Sie war aber doch die alte Hanne geblieben: Sie wollte selbstständig sein. Mit ihrem Freund, ihrem Vertrauten, der sie oft auffing, war sie nicht verheiratet, sie wollte nicht, dass er sein eigenes Leben für sie aufgab. Und auch ihre Eltern wollte sie nicht einspannen. Sie wollte allein mit den Herausforderungen fertig werden, auch wenn sich anfangs die Dinge im Haushalt alle Augenblicke gegen ihre noch ungeschickte linke Hand sträubten. Sie trainierte die Hand auf jede mögliche Weise und wurde immer erfolgreicher: Begann, mit einem Stickrahmen zu sticken, töpferte nur mit links und brachte es auf rätselhafte Weise sogar fertig, allein mit der linken Hand zu stricken. Schließlich lernte sie Weben und war fasziniert. Gemeinsam mit ihrer Weblehrerin, die inzwischen ihre Freundin geworden ist, gibt sie seitdem Webkurse, jedes Jahr auch einen Kurs für Menschen mit Aphasie und ihren Angehörigen, darunter eine Stammgruppe, die jedes Jahr wiederkommt.
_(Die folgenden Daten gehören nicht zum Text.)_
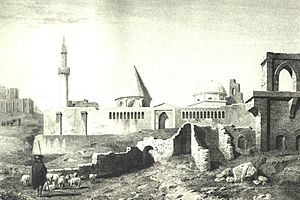 Archivo:Alaeddin Mosque Konya Turkey 1849 engraving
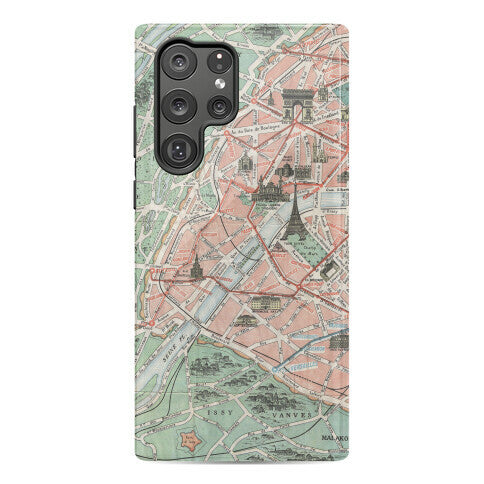 Vintage Paris Map Phone Case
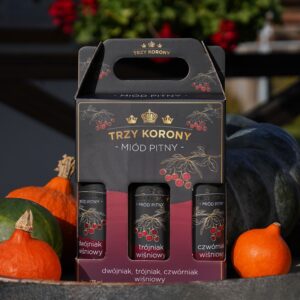 Zestaw trzech miodów pitnych - projekt Trzy Korony - butelki 375 ml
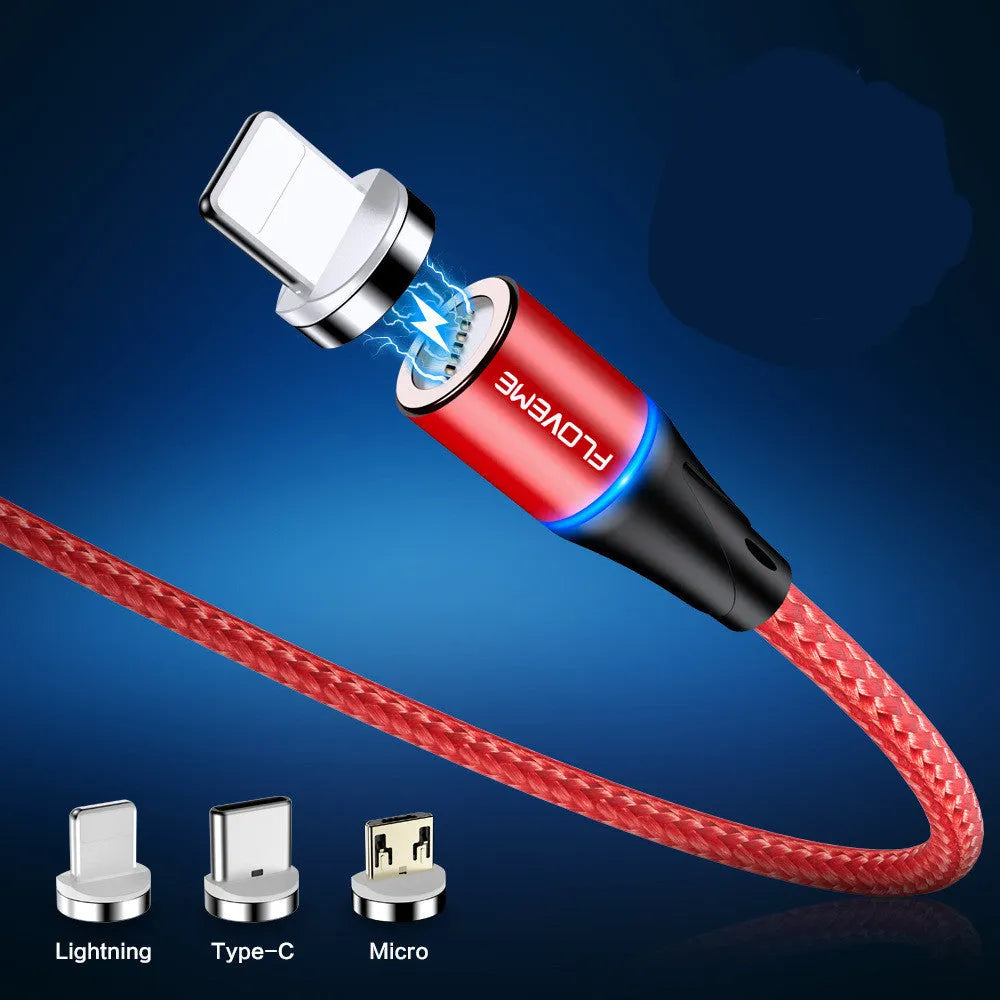 Magnetic USB-C fast charging data cable with side indicator light in black, red, or silver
Viele Jahre sind vergangen, seit ich Hanne kennenlernte. Sie hat einige der alten Freunde behalten, neue dazugewonnen, ihr Freund ist inzwischen ihr Mann geworden. Sie wohnt immer noch in ihrem Haus mit einem verwilderten Garten und vielen Bäumen, in das damals Kinder aus dem Dorf kamen, mit denen sie töpferte und manchmal Englisch übte. In diesen langen Jahren hat Hanne sich ihre Sprache mit viel Geduld, Zähigkeit und Vertrauen in ihre „Heilungskräfte“ zurückerobert. Aus den wiedergewonnenen Wörtern und Sätzen sind Geschichten entstanden, in denen Hanne, Aphasikerin und Weberin, ihre alte und neue Welt zu einem vielfarbigen Muster verwebt hat: Glückliches und Tragisches, immer mit einem Lachen. Alle Geschichten haben einen dunklen Grundton, der auf Verletzungen hinweist, die das ganze Leben lang bleiben werden: Die sichtbaren Folgen eines Schlaganfalls, die Lähmungen.
Eine junge Frau sieht sich selbst: „wie eine alte Frau, die mit dem Stock geht, weil sie sich nicht anders helfen kann...“ Begegnungen, Flirts, die dadurch ihr schnelles Ende finden... Noch schmerzlicher, die mühsame Suche nach den richtigen Worten: „... diese Trauer, diese Scham auch, wenn ich manchmal angefangen habe, etwas zu erzählen, und dann nicht mehr weiter wusste ...“. Aber Hannes Welt besteht aus mehr: Überraschende Begegnungen; alltägliche, aber nicht selbstverständliche Hilfeleistungen; Glück über eine Tour, obwohl deren Ziel gar nicht erreicht wurde, Freundschaft, Land-schaft, die „fast ein bisschen bezaubernd“ ist, mit Menschen, die „einfach lachen über diese Situation“, Menschen wie Dörthe, über die Hanne sagt: „und in Gedanken tanzte sie in der Küche – wie sollte es auch anders sein – eine Jig...“.